Charlotte-based Chiquita Brands International is discussing what to do about more than $22 million worth of state and local incentives when the company’s headquarters shifts to Ireland, CEO Ed Lonergan said Thursday.
He left open the possibility that the company might give some back.
Speaking after the annual shareholder meeting uptown, Lonergan said there’s still no consensus about what to do with the incentives.
The money was promised to Chiquita as part of the company’s 2011 agreement to move to Charlotte from Cincinnati. The incentives are tied to conditions, including a requirement Chiquita keep its 400 or so new jobs in Charlotte, along with its global headquarters.
The jobs are expected stay in Charlotte after Chiquita combines with Fyffes, an Irish banana and melon company, later this year. But the global headquarters will be located in Dublin, along with the CEO of ChiquitaFyffes, David McCann.
Lonergan said the company has met with city, state and county officials about the incentives, but declined to say whether he thinks Chiquita will have to give back some of the money.
“It’s not helpful for me to speculate on where that might end up,” he said.
But he appeared to leave the door open for such a resolution.
“What we want to do is get aligned with the people that run the community to ensure we’re upholding the commitments that we made. And if we’re not, then we should accept the consequences of that,” Lonergan said.
“We don’t want anything we don’t deserve,” he said.
Millions at stake
The city and county have paid Chiquita $510,000 each, for a total of more than $1 million. They are scheduled to pay the fruit company about $1.5 million in coming years.
The rest of the incentives money is from the state. More than $16 million, equal to an estimated 75 percent of the company’s state income tax withholding for the new jobs, is set to be paid over 11 years. The state also agreed to give Chiquita $2.5 million to match the city and county money.
Chiquita employs about 320 workers uptown and has thus far met its hiring targets to receive incentives money.
The business climate
At the annual meeting, a shareholder asked Lonergan whether the company’s turnaround strategy of focusing on the core banana and salads business was working, “How come we lost money?”
Lonergan said most of the company’s $25 million first-quarter loss could be traced to bad weather and drought in its banana-growing regions.
Lonergan said the climate is changing in Panama and Costa Rica, meaning the company has to spend money to irrigate farms it never did before in 100 years of growing. Rainfall is down for five straight years, Lonergan said – 70 percent this year.
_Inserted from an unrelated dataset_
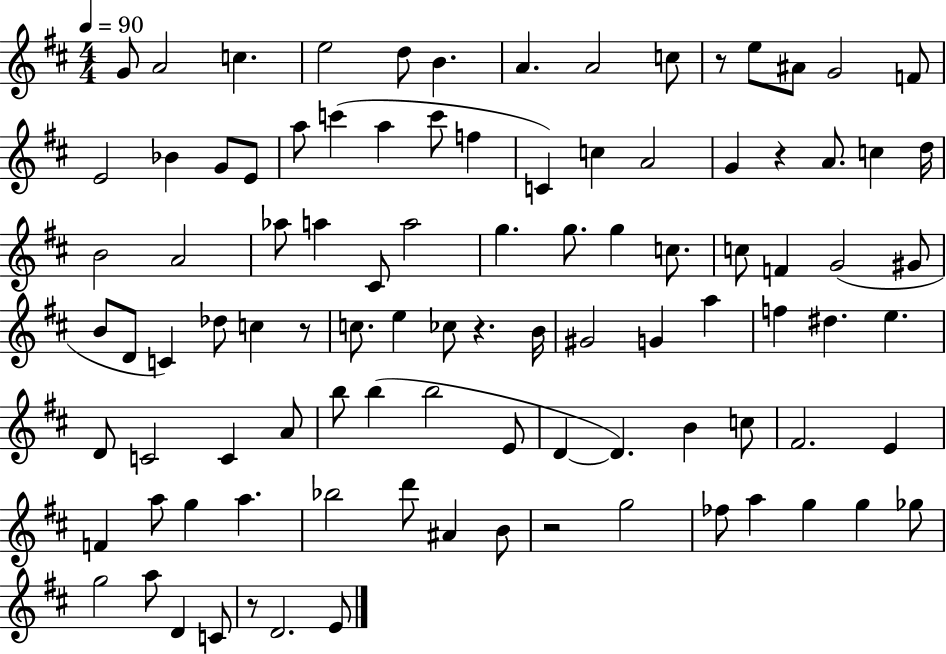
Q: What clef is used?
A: treble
“There’s always been enough rain to grow a banana,” Lonergan said. “I think it’s not helpful for me to get into the whole global warming debate. I don’t really care. At the end of the day, I look at what’s happening, and I deal with the consequences.”
Chiquita plans to combine with Fyffes in an all-stock deal by the end of the year, creating the world’s largest banana company. Chiquita shareholders would have just over 50 percent of the combined company, while Fyffes shareholders would get the rest. The deal gives Fyffes shareholders a 38 percent premium.
Lonergan said Chiquita expects to get shareholders’ approval for the deal by late summer. If the Fyffes deal were to fall through, Lonergan said Chiquita could complete its three-year turnaround plan solo.
“In the event that there was some reasoning why we could stand alone, we’re quite confident we could do that,” said Lonergan. “It just is a longer plan than the one that we have together.”